Bisogna però aggiungere che non è vero che qualsiasi livello di radioattività, per quanto basso, sia dannoso per la salute. Infatti la ricerca ha dimostrato che la radioattività naturale, anche quando è 50 volte più alta della media, non comporta alcun rischio. Evidentemente il nostro organismo si è ben adattato alla radioattività ambientale.
Ci era stato sempre raccontato che un disastro nucleare avrebbe reso inabitabile un vasto territorio per centinaia di migliaia di anni, e quello di Cernobyl è stato il disastro nucleare più grande che si possa immaginare. Eppure oggi quasi tutto il territorio evacuato è di nuovo abitabile perché la radioattività è sotto i limiti di sicurezza, mentre quello che rimane potrebbe essere bonificato asportando lo strato superficiale di terreno. Anzi, non solo questa non è un’area devastata e inabitabile, ma è il territorio più ricco di biodiversità in Europa.
Per un confronto la sola estrazione del carbone causa all’ambiente ben altri danni, che vanno ad aggiungersi a quelli causati dalla sua combustione. Per esempio in India in una grande miniera di carbone c’è un’area di 450 Km2 nella quale si sono sviluppati una settantina di incendi impossibili da spegnere e, data la dimensione del giacimento, si stima che essi continueranno a bruciare per 5.000 anni. E questo non è certo l’unico caso, perché sono molte le miniere di carbone in cui sono scoppiati degli incendi altrettanto difficili da estinguere (vedi l’articolo “Jharia brucia” nel libro l’AVVOCATO DELL’ATOMO).

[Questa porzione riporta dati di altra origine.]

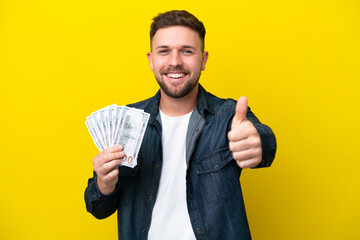 Wall Mural - Young caucasian man taking a lot of money  isolated on yellow background with thumbs up because something good has happened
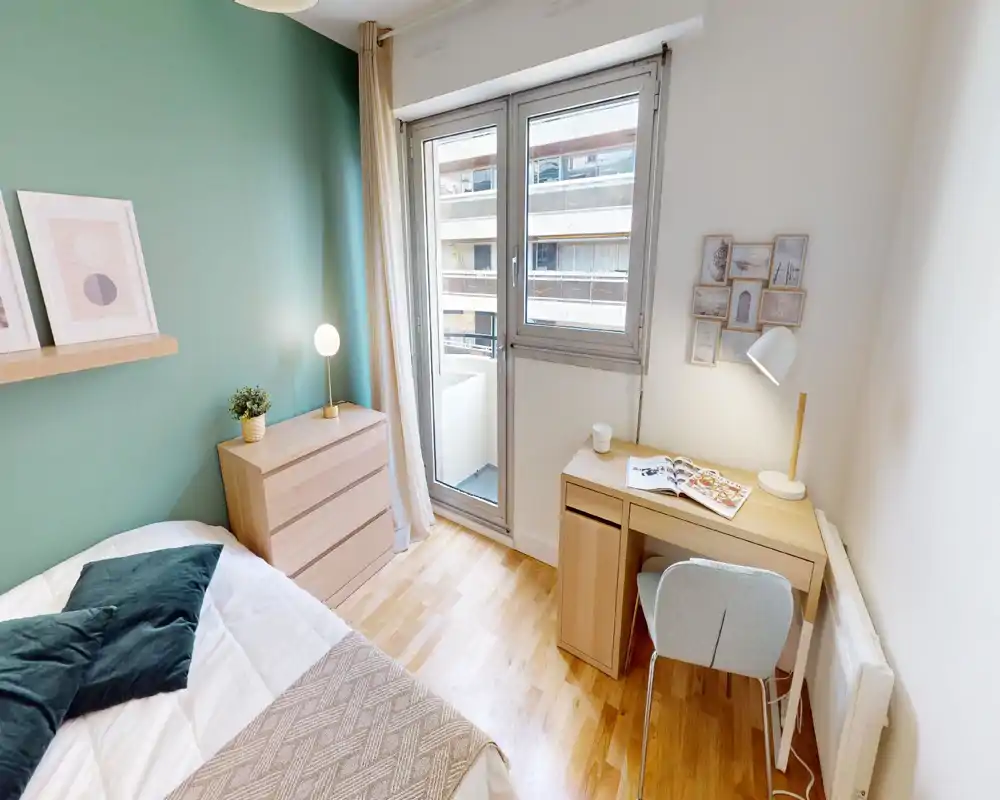 Bright, cozy bedroom with a light-wood chest of drawers, a comfortable bed with cushions, and a small desk by a large window leading to a balcony.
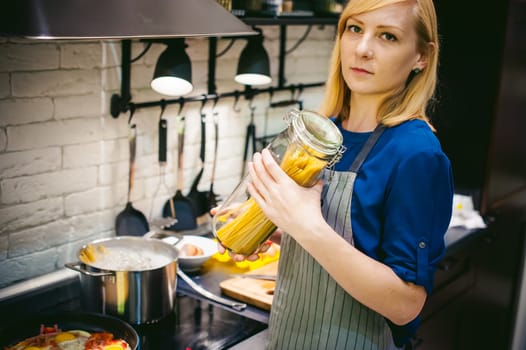 woman housewife preparing in the kitchen. Smiling young blond woman in an apron, holding a glass jar with spaghetti, standing at the stove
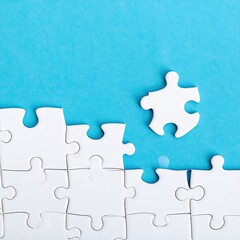 Obraz premium Unfinished white puzzle on turquoise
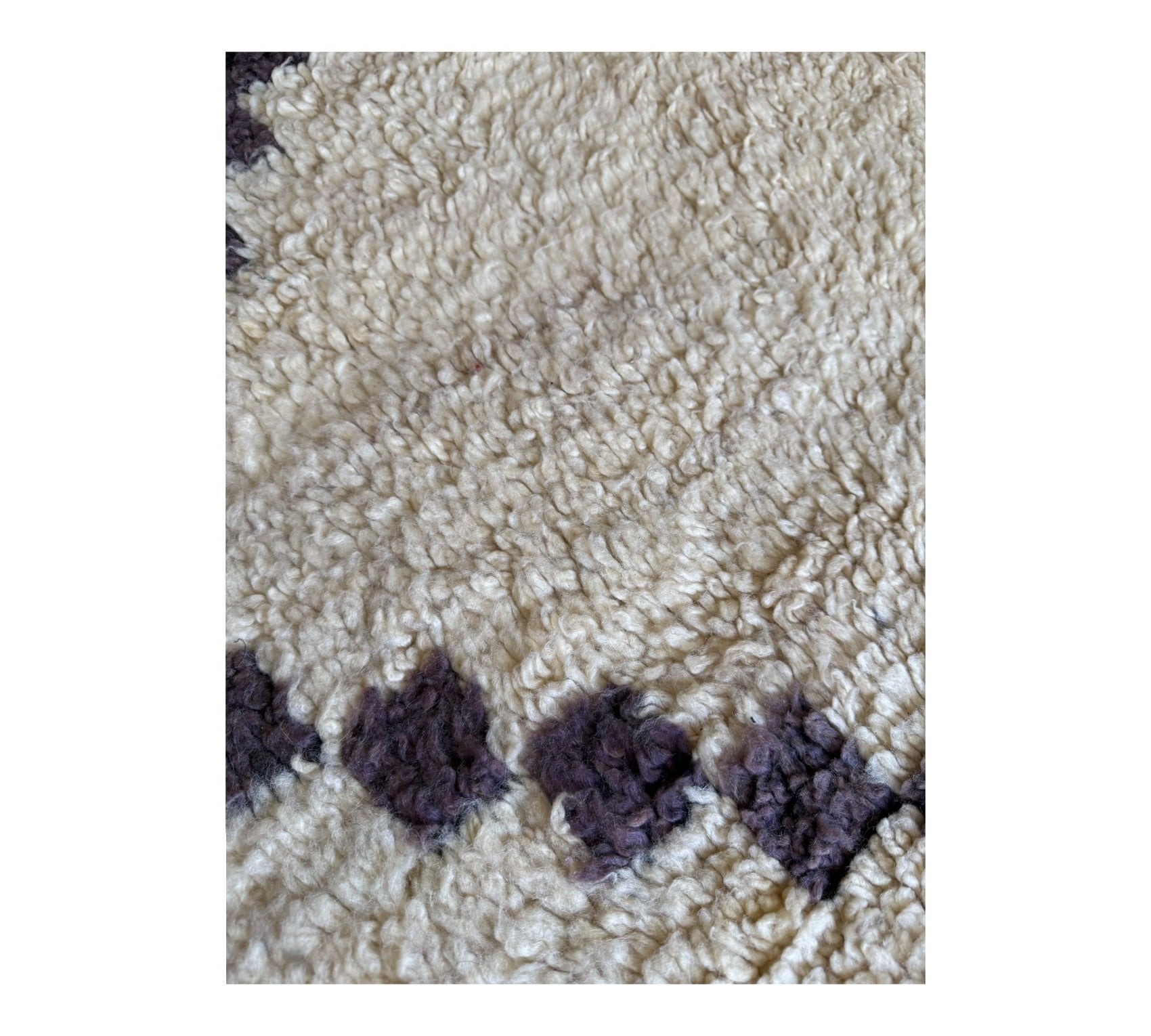 Moroccan vintage beni ourain rug white faded black close up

Il terzo incidente nucleare è avvenuto nel complesso di Fukushima Dai-ichi in Giappone l’11 marzo 2011. Queste quattro piccole centrali, costruite a partire dal 1967 e nel corso degli anni Settanta, erano obsolete, non avevano una cupola di cemento armato e stavano per essere chiuse. Ciò nonostante esse avevano resistito al quarto terremoto più violento mai registrato. I reattori nucleari si erano spenti come dovevano fare e le pompe di raffreddamento funzionavano. Poi però è arrivata un’onda di tsunami alta 13 metri che le ha messe fuori servizio.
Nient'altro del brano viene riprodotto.